- Supreme Court of Canada

Hearing: May 13, 1981 Judgment: February 9, 1982
- Full case name: The Ontario Human Rights Commission and Bruce Dunlop and Harold E Hall and Vincent Gray v The Borough of Etobicoke
- Citations: [1982] 1 S.C.R. 202
- Ruling: OHRC appeal allowed

Court membership
- Chief Justice: Bora Laskin Puisne Justices: Ronald Martland, Roland Ritchie, Brian Dickson, Jean Beetz, Willard Estey, William McIntyre, Julien Chouinard, Antonio Lamer

Reasons given
- Unanimous reasons by: McIntyre J.

= Ontario (Human Rights Commission) v Etobicoke (Borough of) =

Ontario (Human Rights Commission) v Etobicoke (Borough of), [1982] 1 S.C.R. 202 is a leading Supreme Court of Canada decision on age discrimination. Several firemen challenged a mandatory retirement policy under the Ontario Human Rights Code. The Court found that the employer did not sufficiently justify the policy as a bona fide occupational requirement.

==Background==
Harold Hall and Vincent Gray were firemen in the borough of Etobicoke, Ontario. As part of the collective agreement between the borough and the union, all firefighters were required to retire at the age of 60. When Hall and Grey were forced to retire they brought a complaint for age discrimination under section 4(1) of the Ontario Human Rights Code which prohibited discrimination in recruitment or dismissal based on age among other grounds.

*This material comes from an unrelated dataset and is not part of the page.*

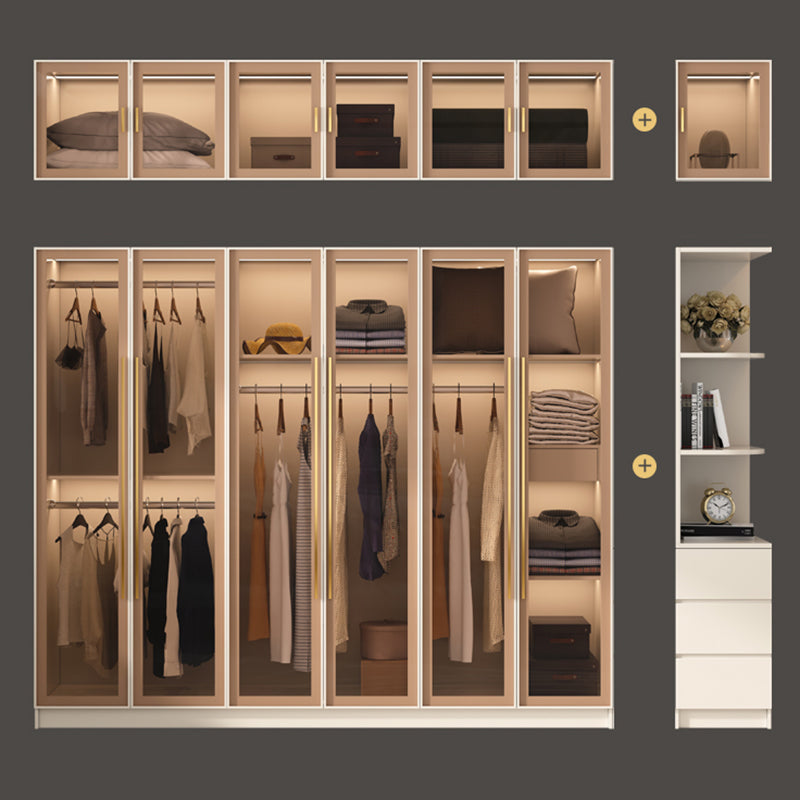 Contemporary Style Wardrobe Glass Wardrobe Closet With Shelves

The respondents defended their actions by arguing that the rule was a bona fide occupational requirement (BFOR). Namely, that the rule was required to maintain an acceptable standard for firefighting.

In the Ontario Divisional Court, it was held that the policy was a BFOR and so did not violate section 4(1) of the Code.

==Reasons of the court==
Justice McIntyre, writing for the unanimous Court, overturned the lower court decision and found that the policy was not justified. He noted that an employee or union cannot waive their rights under the Code through collective agreements. The standard to meet to establish a BFOR must be an objective one that is supported by concrete evidence. McIntyre found that the evidence presented was weak and did not sufficiently justify the requirement.